Exercise requirements
After finding the line that holds "this 894×512 image." below, set down that line and the rest through the final one exactly, leaving the pictures out.
=== Recorded data ===
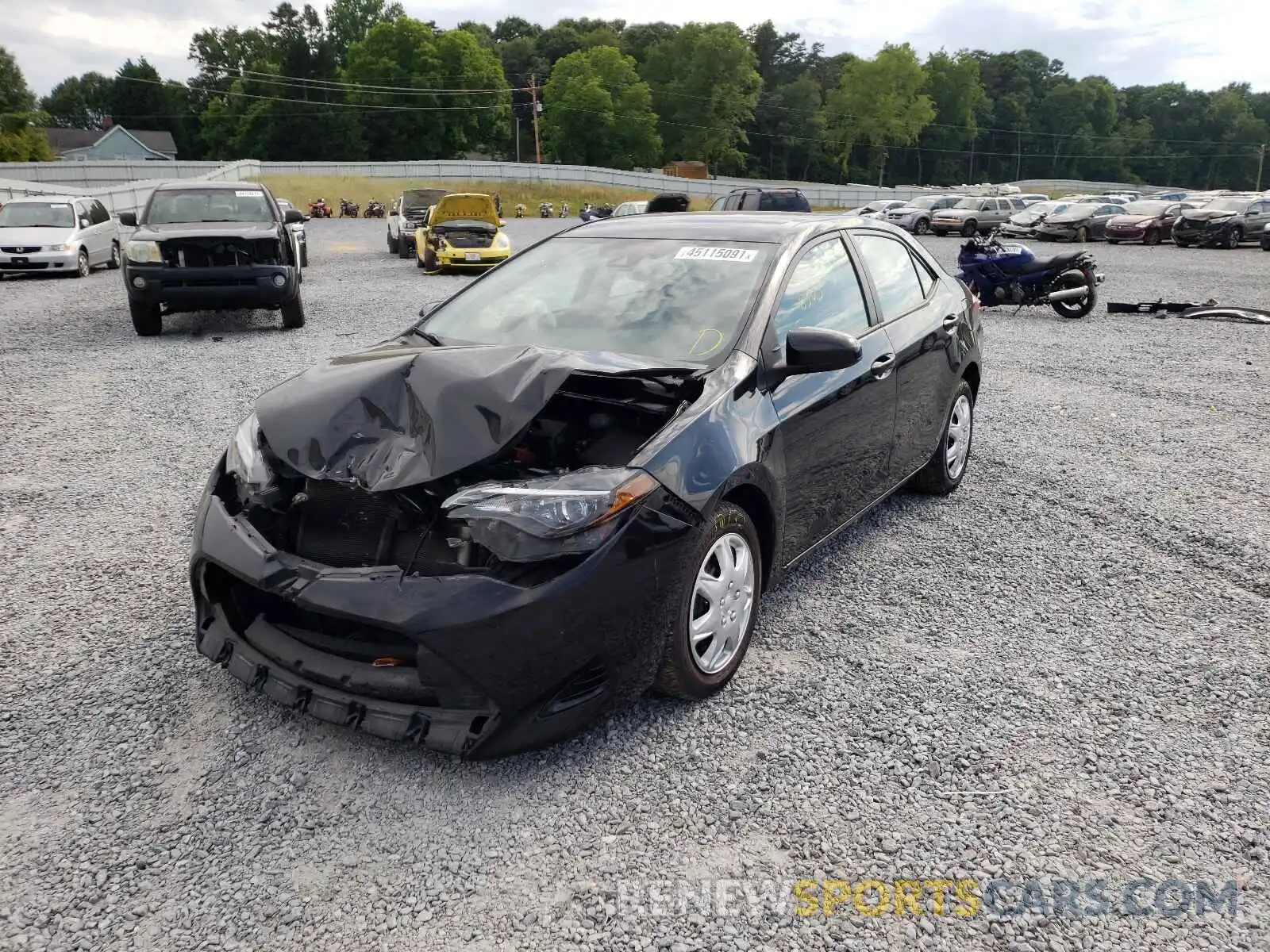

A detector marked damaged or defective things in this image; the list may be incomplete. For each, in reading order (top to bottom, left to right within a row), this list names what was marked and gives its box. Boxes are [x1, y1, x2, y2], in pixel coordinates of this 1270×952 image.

yellow damaged car [419, 194, 514, 273]
broken headlight [224, 409, 273, 492]
deployed airbag [252, 343, 679, 492]
crumpled hood [257, 343, 689, 492]
broken headlight [444, 466, 660, 562]
damaged black sedan [186, 214, 984, 758]
crushed bumper [191, 460, 695, 758]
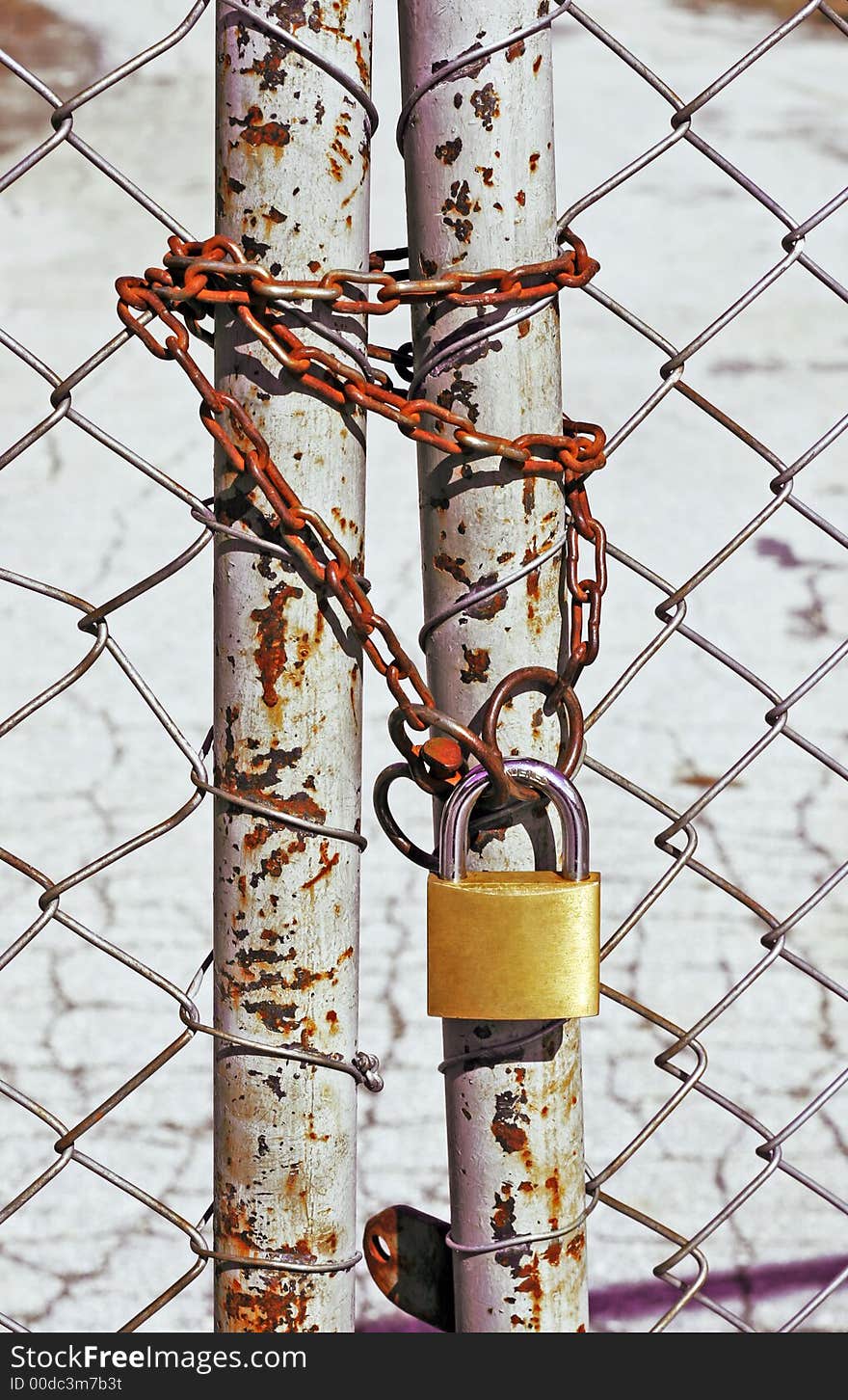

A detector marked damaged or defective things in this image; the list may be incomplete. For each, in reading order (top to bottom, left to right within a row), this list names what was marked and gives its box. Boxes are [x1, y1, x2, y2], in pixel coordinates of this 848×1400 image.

rust spots [233, 104, 293, 152]
rust spots [437, 136, 464, 164]
rust spots [466, 82, 501, 130]
rusty chain [116, 233, 605, 833]
rust spots [437, 555, 470, 586]
rust spots [251, 579, 303, 706]
rusted metal post [212, 0, 370, 1334]
corroded gate post [214, 2, 370, 1334]
rust spots [461, 648, 493, 687]
rusted metal post [397, 0, 590, 1334]
corroded gate post [399, 0, 590, 1334]
rust spots [299, 841, 337, 895]
rust spots [490, 1088, 532, 1157]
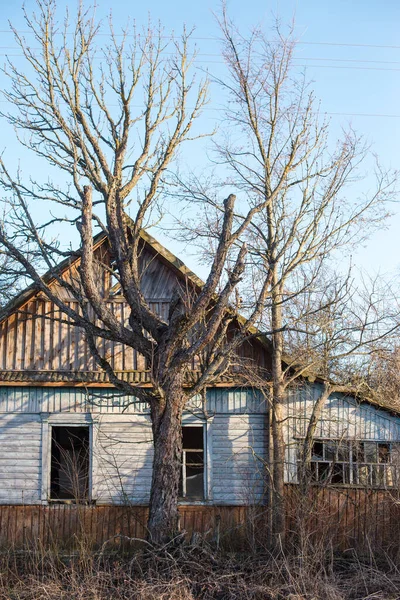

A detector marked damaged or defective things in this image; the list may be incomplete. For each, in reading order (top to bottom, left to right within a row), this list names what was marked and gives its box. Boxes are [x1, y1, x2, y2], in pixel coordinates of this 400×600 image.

broken window [50, 426, 90, 502]
broken window [181, 426, 206, 502]
broken window [296, 440, 400, 488]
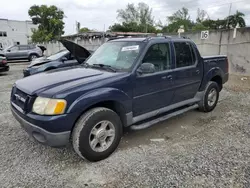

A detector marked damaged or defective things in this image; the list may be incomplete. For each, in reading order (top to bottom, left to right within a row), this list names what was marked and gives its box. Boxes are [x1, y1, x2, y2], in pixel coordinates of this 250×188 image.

damaged vehicle [23, 40, 92, 77]
damaged vehicle [10, 36, 228, 162]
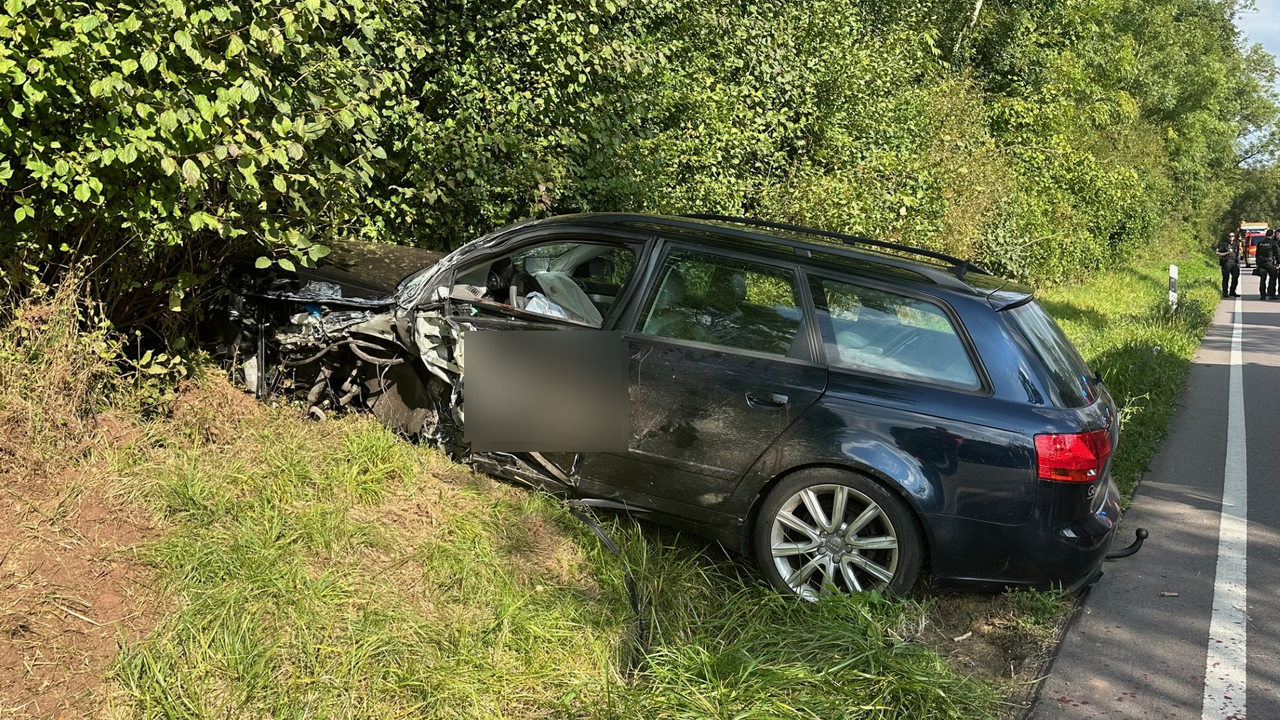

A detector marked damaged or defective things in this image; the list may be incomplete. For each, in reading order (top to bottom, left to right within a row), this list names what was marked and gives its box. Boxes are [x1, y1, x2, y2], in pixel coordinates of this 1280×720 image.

crashed dark blue car [222, 212, 1128, 596]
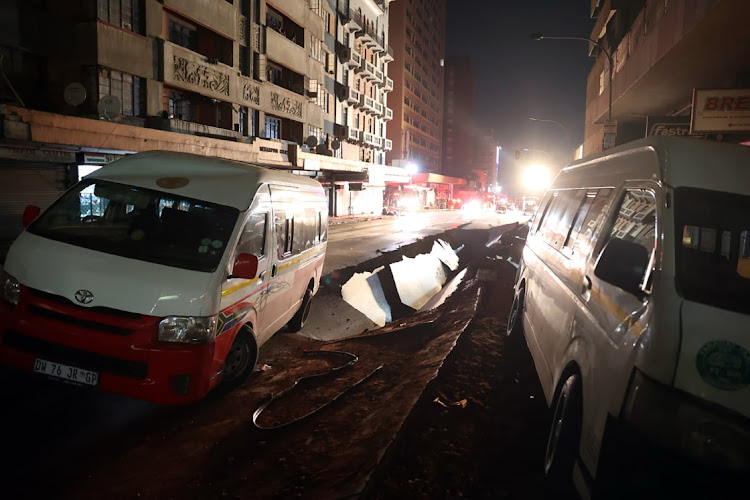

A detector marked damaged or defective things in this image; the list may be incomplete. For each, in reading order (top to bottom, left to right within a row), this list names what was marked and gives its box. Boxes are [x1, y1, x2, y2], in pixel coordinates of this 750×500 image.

damaged asphalt [2, 221, 556, 498]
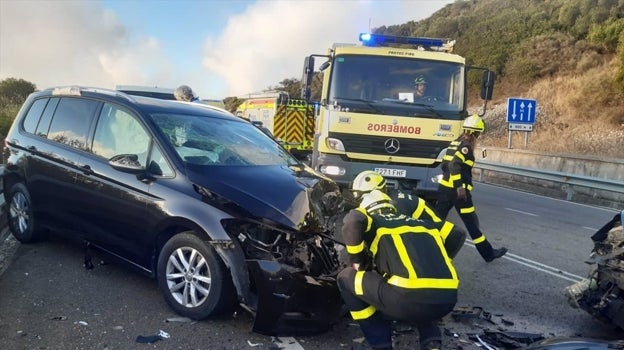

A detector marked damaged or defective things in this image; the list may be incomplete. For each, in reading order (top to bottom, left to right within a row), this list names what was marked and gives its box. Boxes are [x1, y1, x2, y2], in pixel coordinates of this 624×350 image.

black damaged car [2, 86, 346, 334]
crumpled car hood [186, 165, 342, 231]
wrecked vehicle at roadside [564, 209, 624, 332]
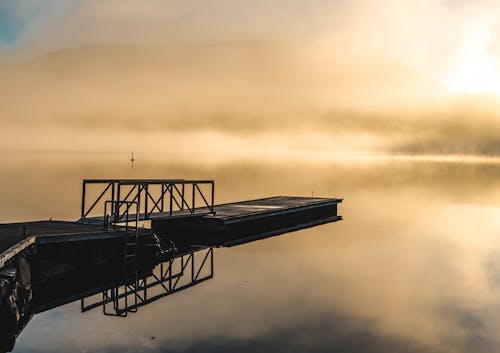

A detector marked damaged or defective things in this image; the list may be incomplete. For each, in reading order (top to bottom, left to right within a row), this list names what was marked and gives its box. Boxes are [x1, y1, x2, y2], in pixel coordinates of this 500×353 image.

rusted metal edge [0, 235, 36, 268]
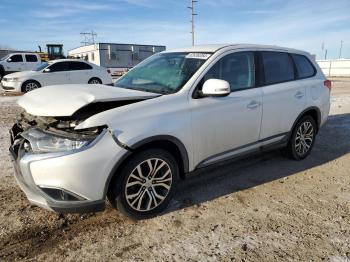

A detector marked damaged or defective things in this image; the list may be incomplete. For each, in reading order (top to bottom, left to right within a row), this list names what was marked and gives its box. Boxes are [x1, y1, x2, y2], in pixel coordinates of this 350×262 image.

crumpled front hood [17, 84, 157, 116]
broken headlight [21, 128, 95, 154]
damaged mitsubishi outlander [9, 44, 330, 219]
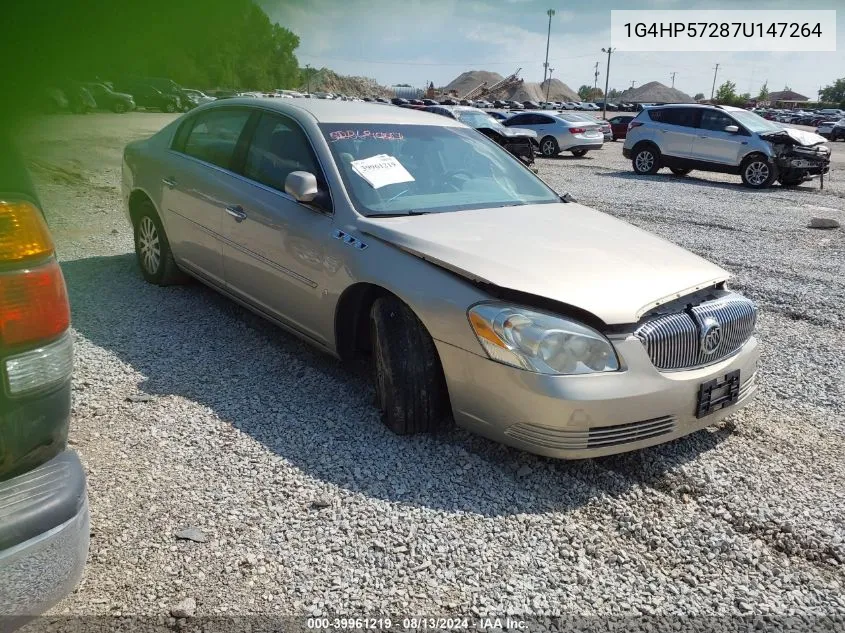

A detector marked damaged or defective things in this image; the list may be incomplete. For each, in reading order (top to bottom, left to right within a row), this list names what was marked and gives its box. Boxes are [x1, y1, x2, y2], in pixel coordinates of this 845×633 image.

damaged white suv [624, 103, 828, 186]
damaged hood [760, 129, 824, 148]
damaged hood [360, 202, 728, 324]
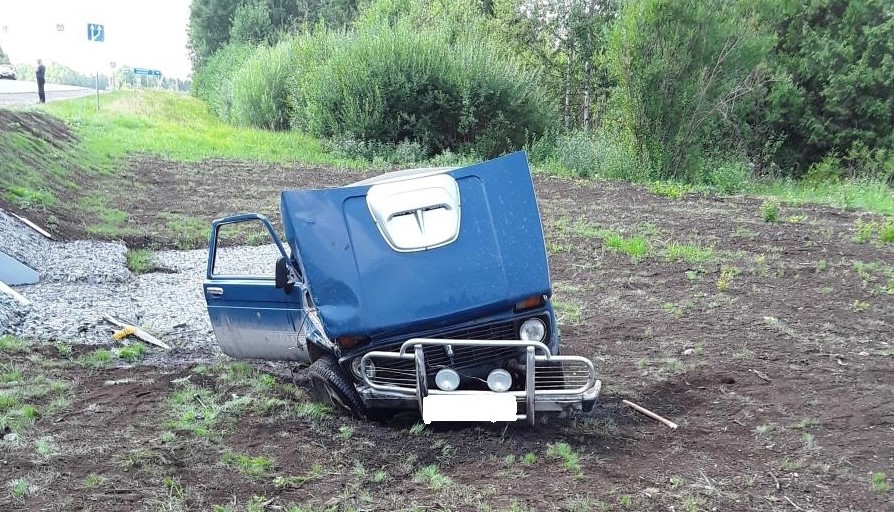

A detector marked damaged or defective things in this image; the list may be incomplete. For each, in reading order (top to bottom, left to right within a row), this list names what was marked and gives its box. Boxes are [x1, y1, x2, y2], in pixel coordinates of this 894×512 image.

crashed blue car [205, 152, 600, 424]
overturned vehicle [205, 152, 600, 424]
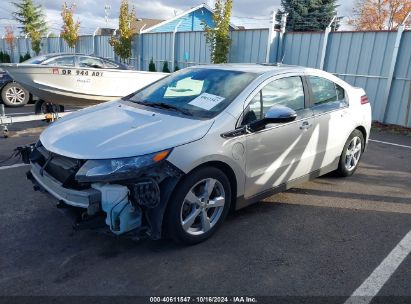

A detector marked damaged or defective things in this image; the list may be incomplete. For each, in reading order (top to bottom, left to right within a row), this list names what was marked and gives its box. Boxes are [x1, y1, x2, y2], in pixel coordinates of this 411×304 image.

broken headlight assembly [75, 149, 171, 182]
damaged silver chevrolet volt [25, 64, 374, 245]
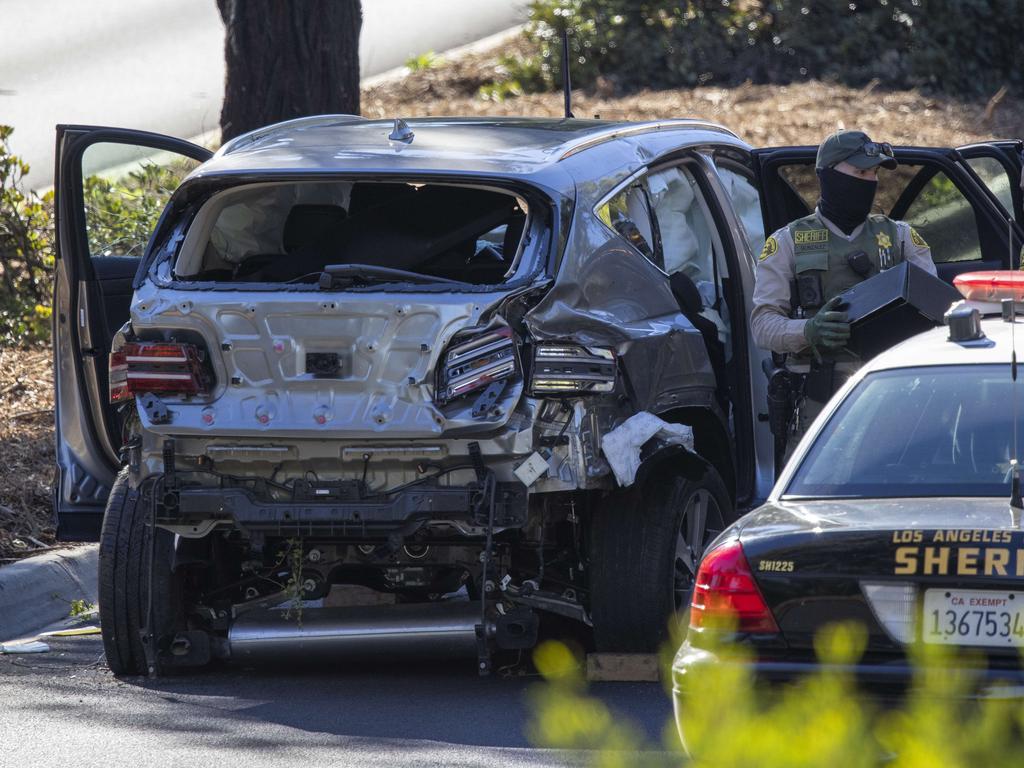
===
Solution to this problem
A detector marked damaged or defective things in this image; the list may be incomplete. For each, in reading order (top to bottom, left to right within a row), this list names what was marked and gives its box. Boxes are [x1, y1, x2, y2], in pixel coordinates of this 894×512 image.

crashed blue car [205, 152, 600, 424]
overturned vehicle [205, 152, 600, 424]

A detector marked damaged or defective things in this image; the list may be incomplete. For each, in reading order (top to bottom, left to right within a row), this list names what was marked and gives its box. Boxes are [x1, y1, x2, y2], in pixel coordinates of this 411×304 image.

broken headlight assembly [75, 149, 171, 182]
damaged silver chevrolet volt [25, 64, 374, 245]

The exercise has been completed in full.